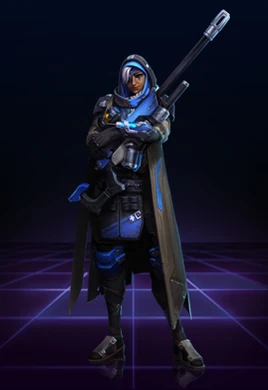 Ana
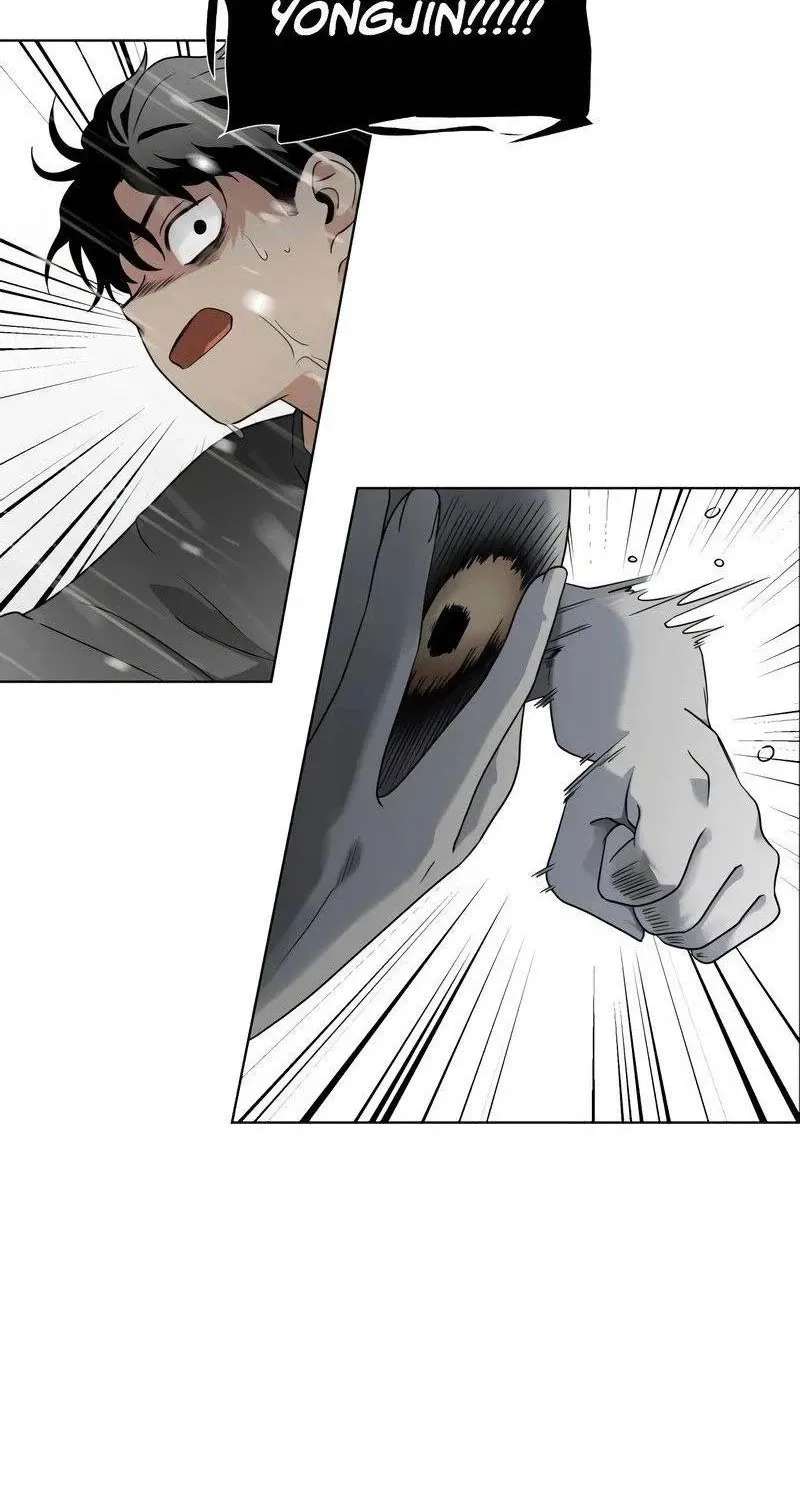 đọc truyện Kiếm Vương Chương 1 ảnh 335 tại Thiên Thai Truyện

* * *

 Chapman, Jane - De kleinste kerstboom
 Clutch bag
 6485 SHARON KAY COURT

...

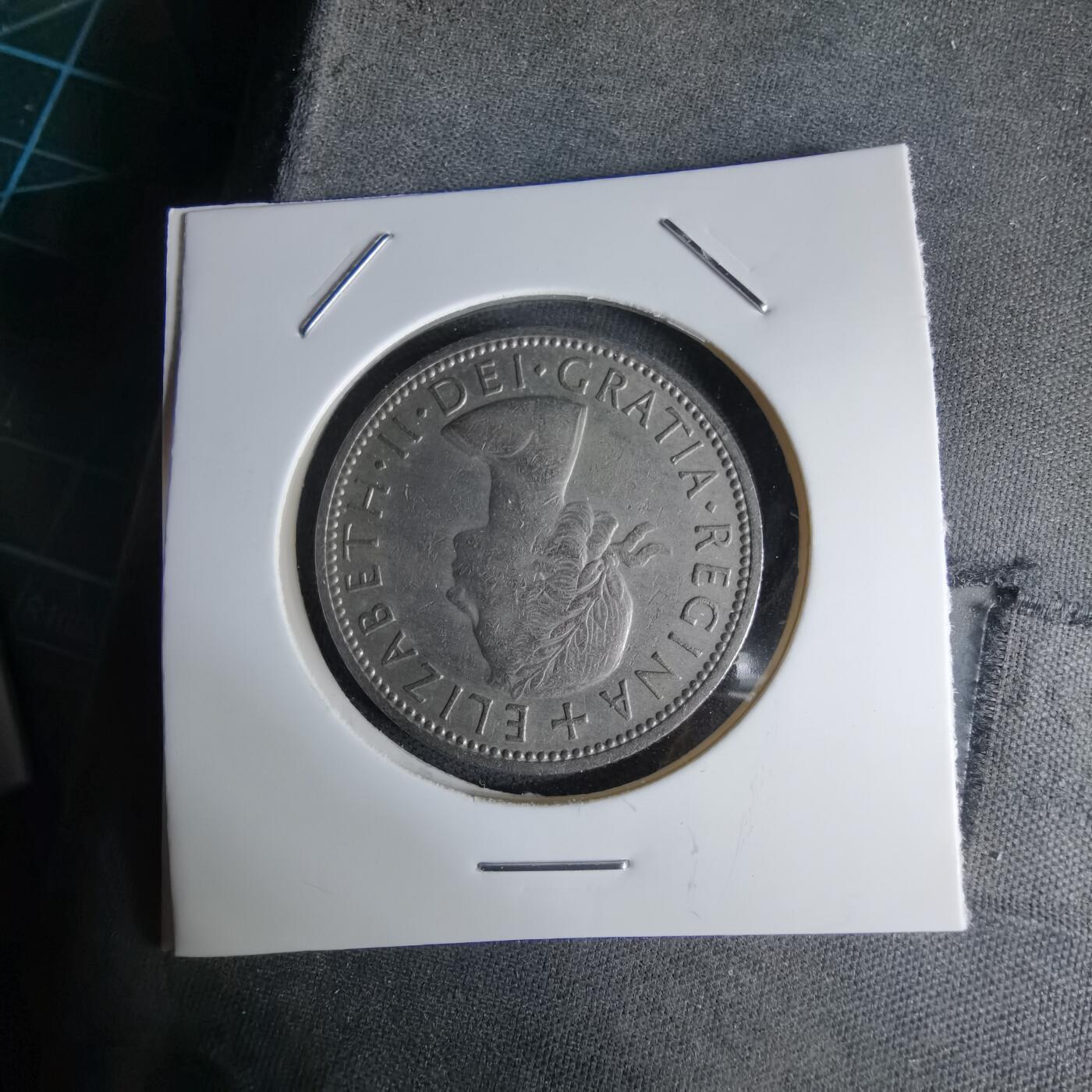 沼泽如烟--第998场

- [Assigned task] Search the listing above for the lines with "Chapman, Jane - De kleinste kerstboom" and "6485 SHARON KAY COURT", then output those lines and all lines between them exactly.

- [Response for this exercise]
 Chapman, Jane - De kleinste kerstboom
 Clutch bag
 6485 SHARON KAY COURT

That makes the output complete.